**What you should do:** Repeat the data word for word, excluding every picture.
** Opening Supplied information block **
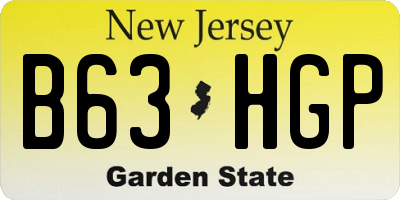 NJ license plate B63HGP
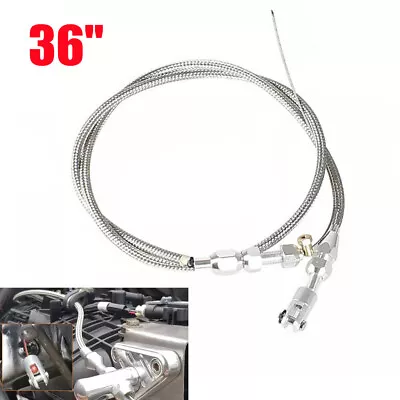 Adjustable 36  Length Universal Car Throttle Cable Braided Stainless Steel Set • $29.99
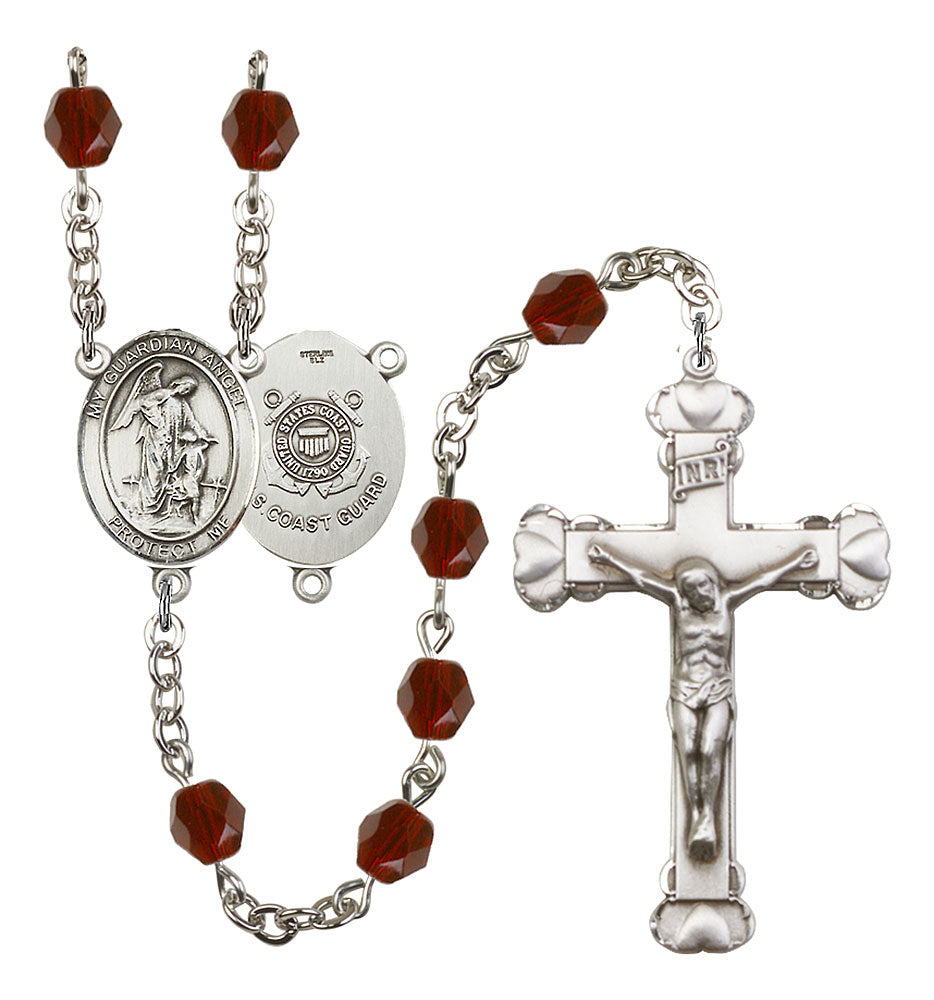 Guardian Angel / Coast Guard Custom Birthstone Rosary - Silver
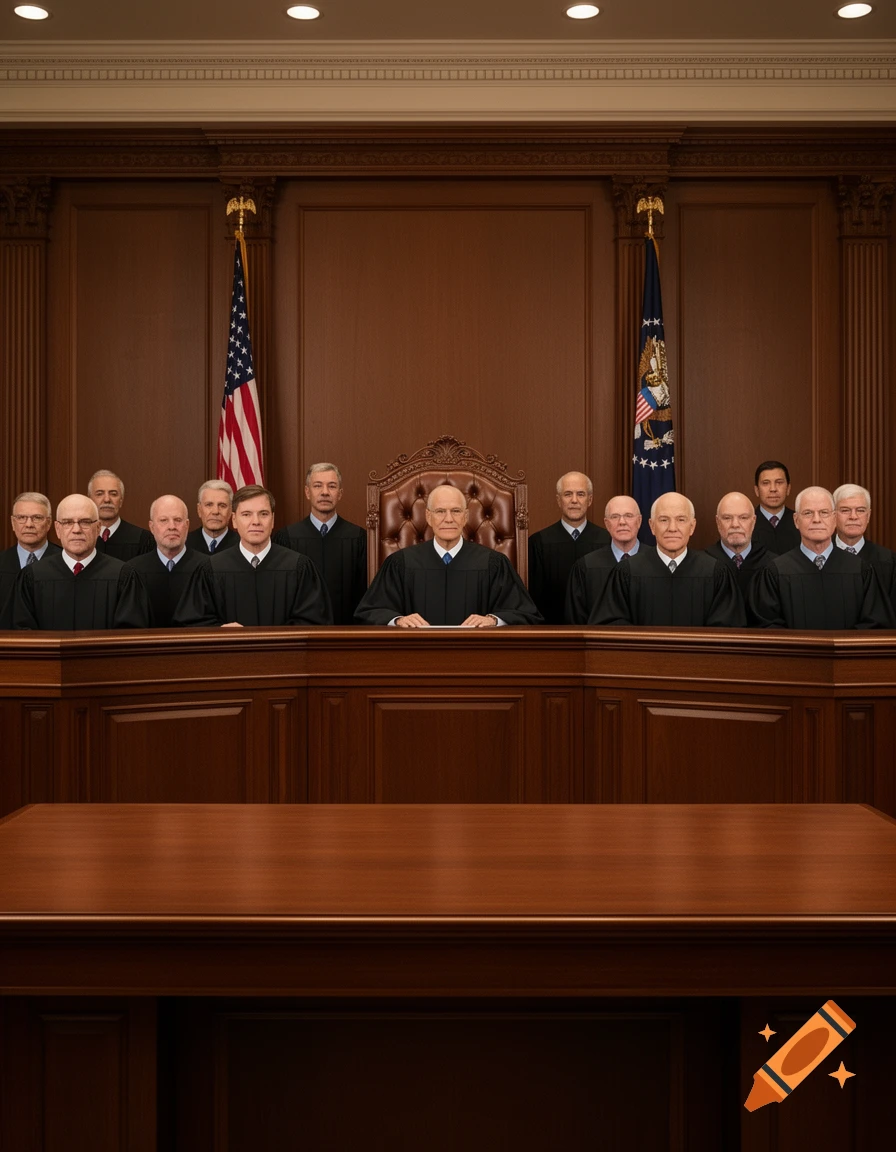 A formal portrait of numerous male judges in black robes seated in a wooden courtroom with American and other flags in the background.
** Closing Supplied information block **
**Output of the exercise:**
 NJ license plate B63HGP
 Adjustable 36  Length Universal Car Throttle Cable Braided Stainless Steel Set • $29.99
 Guardian Angel / Coast Guard Custom Birthstone Rosary - Silver
 A formal portrait of numerous male judges in black robes seated in a wooden courtroom with American and other flags in the background.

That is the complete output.